Lemme see if I have this straight: I step away from the SDMB for a few minutes to [sub]post somewhere else[/sub] and go to the main board list and it hasn’t updated on its own–the same most recent posts are there as the last time I looked although casual perusal of the individual boards shows that posts have been made. Does not always automatically refreshing that screen save horsepower better spent on giving everybody better performance where it counts?
Actually, stepping away to post at another location was your fatal error.
We faithful, have no such problems.
Eat dirt.
And, I didn’t understand the last part of your post. Did I drink too much or did you?
And here we thought tying your shoes and waving bye-bye was gonna be it for you.
Did you perhaps just hit “back” or “go” on your browser? If so, it would have just reloaded the screen, which would not be changed from the last time.
The main page does not automatically refresh. It never has. I’ve left the main page open and gone to a day’s worth of class, with it just sitting there open on my computer. Having it automatically refresh would be a waste of server use. It seems to refresh periodically when I navigate around, not that I really care.
That, and it’s not really possible, AFAIK, for a site to tell your computer to update a page. The protocols that the web uses were not designed to allow the server to contact your computer on its own.
waterj2, That doesn’t sound like what dropzone is talking about. I think dz means that when the page is manually reloaded, the index showing new messages isn’t rebuilt, and the same list of messages appear after the reload as before. I see this sometimes too. Never bothered me much. I can only guess that the index is only rebuilt once a minute or something, rather than on demand (and there must be kajillions of demands daily).
I’m not a techy person, but I think the answer to the rebuild question is indeed that it takes one minute at least. See, the time stamps only give hours and minutes. That means the main index will detect only those. Of course, within an individual thread, responses within the same minute will be ordered in the way they were submitted.
I’ve found that if I refresh the main page every ten minutes or so, the rebuild (along with “new posts” icons et cetera) works just fine.

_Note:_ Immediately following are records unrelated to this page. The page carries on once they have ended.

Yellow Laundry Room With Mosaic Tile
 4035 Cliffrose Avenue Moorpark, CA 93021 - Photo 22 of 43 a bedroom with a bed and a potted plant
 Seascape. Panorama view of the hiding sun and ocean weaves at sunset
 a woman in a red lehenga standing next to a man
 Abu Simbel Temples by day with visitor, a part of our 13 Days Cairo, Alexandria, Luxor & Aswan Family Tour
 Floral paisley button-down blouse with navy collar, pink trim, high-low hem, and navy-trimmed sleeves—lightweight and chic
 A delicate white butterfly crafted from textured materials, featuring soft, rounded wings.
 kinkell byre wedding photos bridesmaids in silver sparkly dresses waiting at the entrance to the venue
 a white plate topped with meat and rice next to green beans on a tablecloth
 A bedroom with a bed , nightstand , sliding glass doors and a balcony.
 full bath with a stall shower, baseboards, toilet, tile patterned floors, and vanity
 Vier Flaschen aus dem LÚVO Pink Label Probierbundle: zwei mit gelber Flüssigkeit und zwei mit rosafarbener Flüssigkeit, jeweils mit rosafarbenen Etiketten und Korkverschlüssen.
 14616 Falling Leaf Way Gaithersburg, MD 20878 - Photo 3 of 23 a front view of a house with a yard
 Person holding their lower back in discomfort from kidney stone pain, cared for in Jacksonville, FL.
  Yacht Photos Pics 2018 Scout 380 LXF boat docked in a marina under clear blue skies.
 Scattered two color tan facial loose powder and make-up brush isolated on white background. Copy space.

Sure it is. AltaVista does this, for starters. One way to do it is with a meta refresh tag, that tells the browser to load the page again after, say, five minutes. I’m sure there’s other ways, as well.
There are other sites that auto-refresh more agressively. The NYTimes does it. Drudge Report refreshes about once a minute, it’s really annoying. This is generally used as a method to push more banner ads at the user. It’s a really old technique, I first saw it at the Netscape FishCam, which autorefreshed every 30 seconds. Boy is that ancient history.